◆ WORK ORDER:
Return each entry below exactly. Skip the images.

◆ MATERIALS PROVIDED:
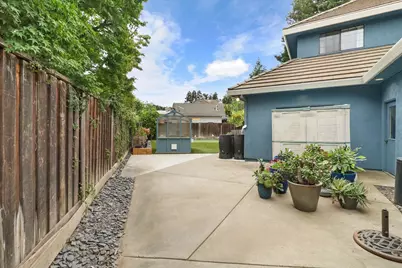 9411 Leal Court, Elk Grove, CA 95758 - Photo 76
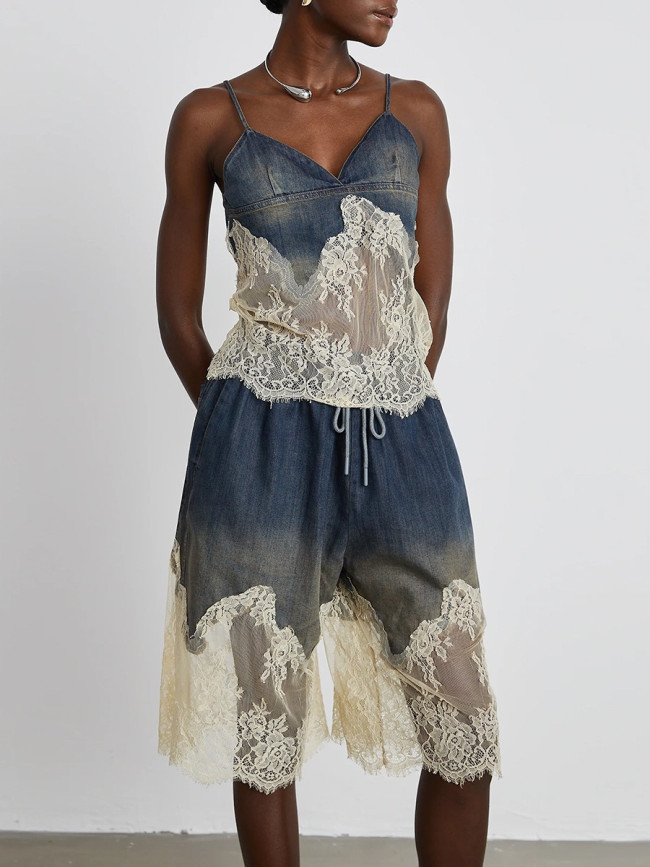 EAM  Hit Color Spliced Lace Two Piece Set For Women V Neck Sleevelss Tops High Waist Loose Shorts Chic Denim Sets Female DLZ5205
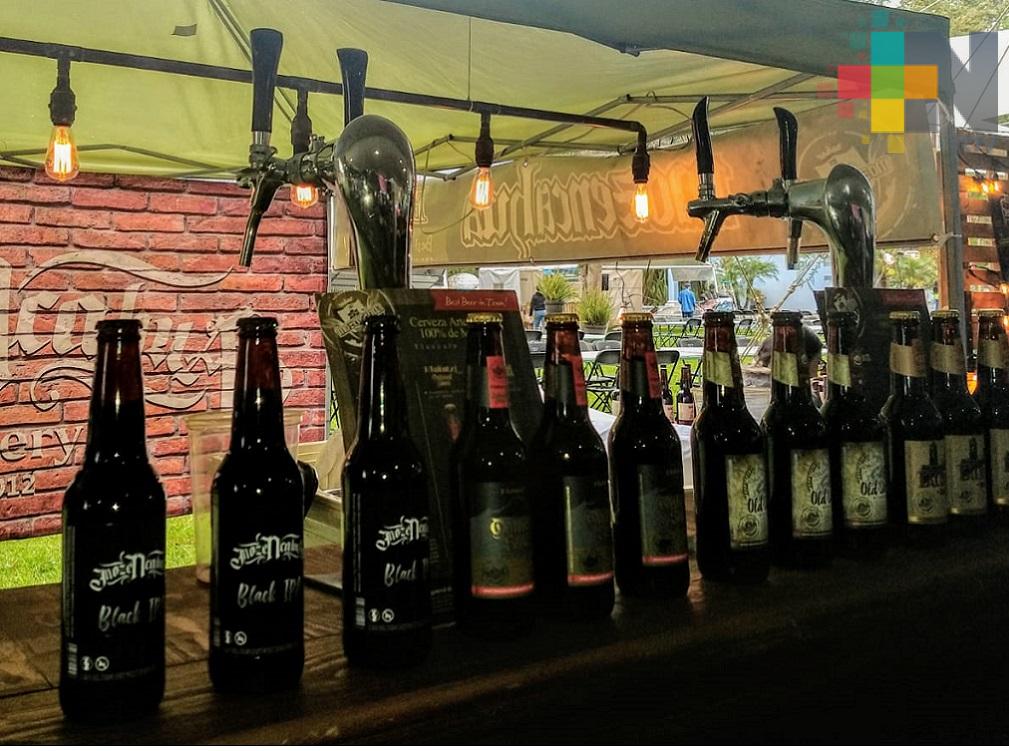 Niebla Fest Circus reúne a expositores de cervezas artesanales en Xalapa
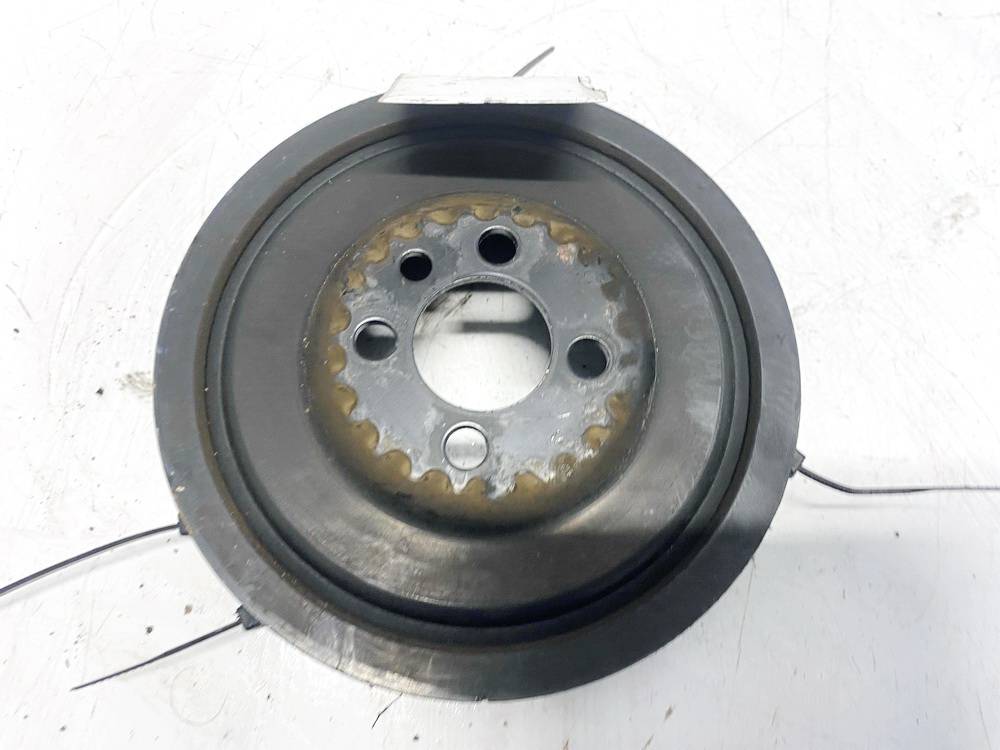 03G105243 Volkswagen Golf 2005 Kampiakselin hammasratas (hihnapyörä / levy)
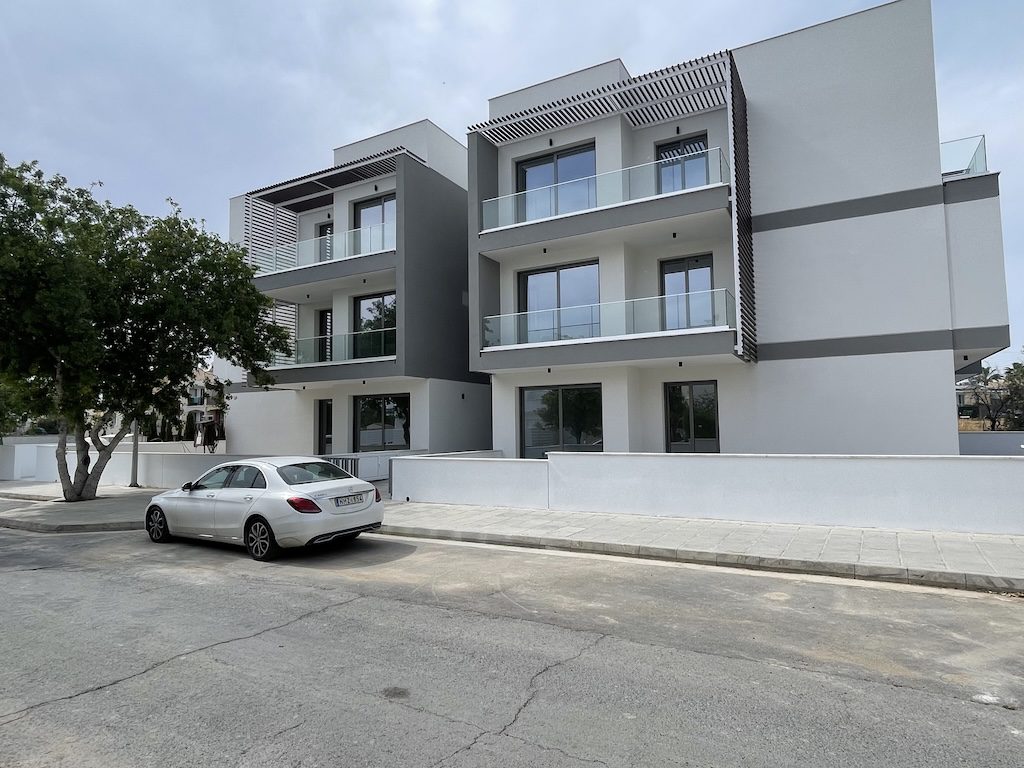 3 dormitorios Apartamento en Paphos, Chipre No. 53347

◆ WRITTEN REPLY:
 9411 Leal Court, Elk Grove, CA 95758 - Photo 76
 EAM  Hit Color Spliced Lace Two Piece Set For Women V Neck Sleevelss Tops High Waist Loose Shorts Chic Denim Sets Female DLZ5205
 Niebla Fest Circus reúne a expositores de cervezas artesanales en Xalapa
 03G105243 Volkswagen Golf 2005 Kampiakselin hammasratas (hihnapyörä / levy)
 3 dormitorios Apartamento en Paphos, Chipre No. 53347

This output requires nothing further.